Remember how Patrick Kane won the Hart Memorial Trophy, the Ted Lindsay Award and the Art Ross Trophy last season for absolutely annihilating the NHL with 106 points? He may not be reaching that number again this year, but he’s still leading the pack for the Hawks. His 53 points are the most on the club. However, it’s not him scoring the puck this campaign. Instead, he’s leaving that responsibility to Marian Hossa, who’s 19 tallies are tops in Chicago (sorry Wade Megan, we’re only counting NHL goals).

The main issue for the Blackhawks continues to be their penalty kill, which ranks fourth-worst in the league and stops only 76.7% of opposing power plays. One of the few bright spots has been the play of Niklas Hjalmarsson, who has blocked 27 shots when facing the man-advantage.

Playing host this evening are the 25-27-4 Jets, who currently occupy fifth-place in the Central Division and 11th in the Western Conference, due in part to their two-game losing skid. The biggest struggle in Winnipeg this season is on the defensive end, as the Jets have allowed 175 goals against – the most in the NHL.

17-13-1 Connor Hellebuyck has gotten most of the starts this season, and for good reason: he has the best save percentage and GAA in Winnipeg. Saving .909 percent of pucks for a 2.78 GAA, he stacks up (t)30th and 32nd in the league against the 47 other netminders with at least 17 appearances.

That being said, it’s been 4-4-0 Ondrej Pavelec that Paul Maurice has charged with manning the crease for the past four games, even though his .888 save percentage and 3.55 GAA are the worst marks by Jets goalies. It’ll be interesting to see who Maurice decides to give the nod against Chicago‘s solid offense.

Unfortunately, the troubles don’t stop there for Winnipeg. Even though Dustin Byfuglien has a decent 95 shot blocks to his credit to lead the squad (ties for 33rd-most in the NHL), the Jets allow 30.7 shots to reach Hellebuyck’s crease per game, the (t)12th-worst rate in the league.

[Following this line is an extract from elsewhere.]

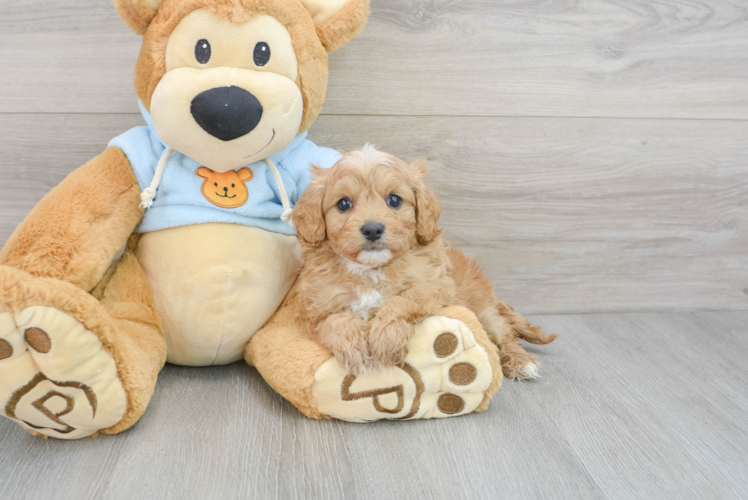 Fluffy Cavapoo Poodle Mix Pup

Pair a poor defense with poor goaltending, and you get a miserable penalty kill. That’s the situation Winnipeg finds itself in, as it’s 76.6% kill rate in third-worst in the NHL. Fortunately for the Jets, they do have Toby Enstrom managing the defensive special team with his team-leading 22 shorthanded blocks.

The Blackhawks just got the monkey off their back in Minnesota, beating the Wild for the first time in nine games Wednesday. Now they turn their attention to the Jets, an unusual team that seems to genuinely look forward to playing the Hawks. Winnipeg has already won the first four contests between the clubs by a combined score of 14-5. They last met in Chicago on January 26, where the Jets won 5-3.

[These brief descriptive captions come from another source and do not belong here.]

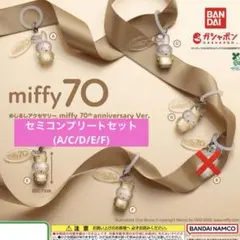 めじるしアクセサリー miffy 70th anniversary Ver 5点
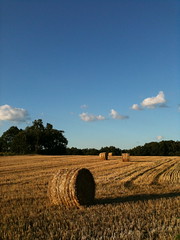 hay bail in a field 3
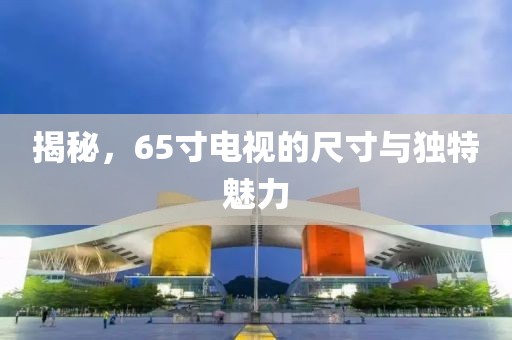 揭秘，65寸電視的尺寸與獨(dú)特魅力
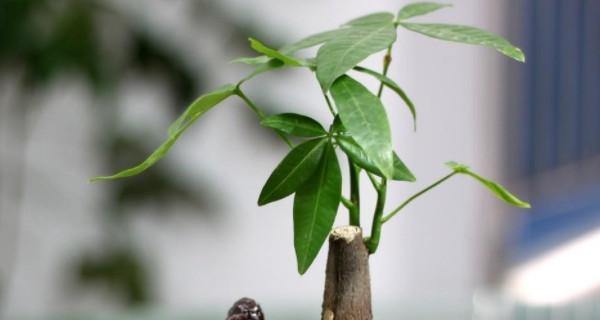 探秘招财树的品种及特点（从叶形到花朵，了解招财树的多样化）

Some players to keep an eye on this evening include Chicago‘s Scott Darling (.925 save percentage [fourth-best in the NHL] for a 2.31 GAA [ninth-best in the league]) should he play, Duncan Keith (34 assists [tied for seventh-most in the NHL]) and Kane (36 assists [tied for third-most in the league] among 53 points [tied for seventh-most in the NHL]) & Winnipeg‘s Mark Scheifele (25 goals among 53 points [both tied for seventh-most in the league]).

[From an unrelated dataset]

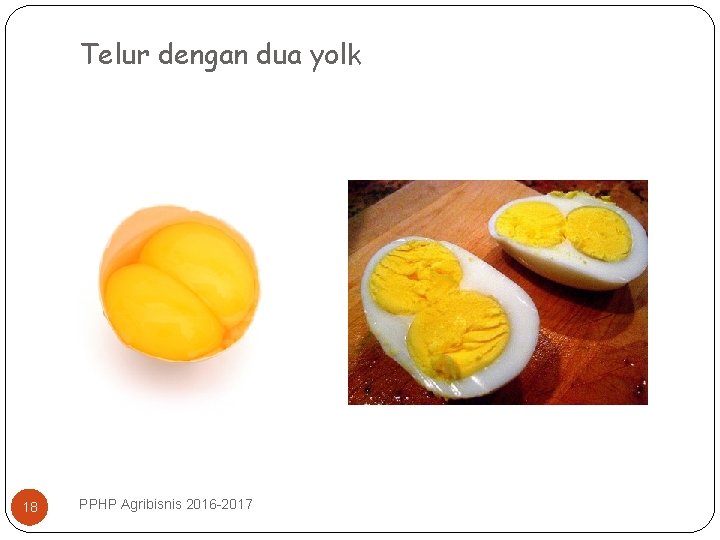 Telur dengan dua yolk 18 PPHP Agribisnis 2016 -2017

This is a tough game to pick. Chicago is the obvious choice given their winning streak and overall superior play, but they are on the tail end of a long road trip. Winnipeg has home ice, and of course has won the last four games against the Hawks in convincing fashion. I wouldn’t bet on this game, but I’ll take the Jets to try to complete the season sweep.

Hockey Birthday

  • Bud Poile (1924-2005) – This right win played for every Original Six team but Montréal, but he spent most of his days in a Toronto sweater. His most memorable season was in 1946-’47, when he won the Stanley Cup. He was inducted into the Hockey Hall of Fame in 1990 as a Builder.
  • Randy Velischek (1962-) – The 53rd-overall pick in the 1980 NHL Entry Draft by the North Stars, this defenseman played most of his career in New Jersey. His 1984-’85 campaign in Minnesota was probably his best, as he notched 13 points while only allowing six goals.
  • Peter Popovic (1968-) – Selected by Montréal in the fifth-round of the 1988 NHL Entry Draft, this defenseman played 485 games over eight seasons in the league – most of which with the Canadiens. His 1995-’96 season was his best, marking a +21 with 14 points to his credit.
  • Mike Ribeiro (1980-) – Currently in his third season in Nashville, this center was selected 45th-overall in the 1998 NHL Entry Draft by Montréal. He’s most known for his six seasons in Dallas.
  • Jakub Kindl (1987-) – The 19th-overall pick in the 2005 NHL Entry Draft by Detroit, this defenseman is in his first full season with the Panthers after getting traded from the Red Wings last year.

Three coaching changes: three winning debuts. Bruce Cassidy pushed the right buttons last night in yesterday’s DtFR Game of the Day, as Boston bested the Sharks 6-3.

Third Star of the Game David Backes (Torey Krug and David Krejci) got things started quickly, burying a slap shot only 52 seconds into the game to give the Bruins an early lead. It only lasted 6:59 though, as ex-Bruin Joe Thornton (Tomas Hertl) scored his wrister to level the game. The next two goals belonged to the home team. First Star Patrice Bergeron (Backes and Brandon Carlo) took his turn first by scoring a tip-in with 4:08 remaining in the period, followed 1:39 later by Second Star David Pastrnak‘s (Bergeron) power play slap shot to set the score at 3-1 going into the first intermission.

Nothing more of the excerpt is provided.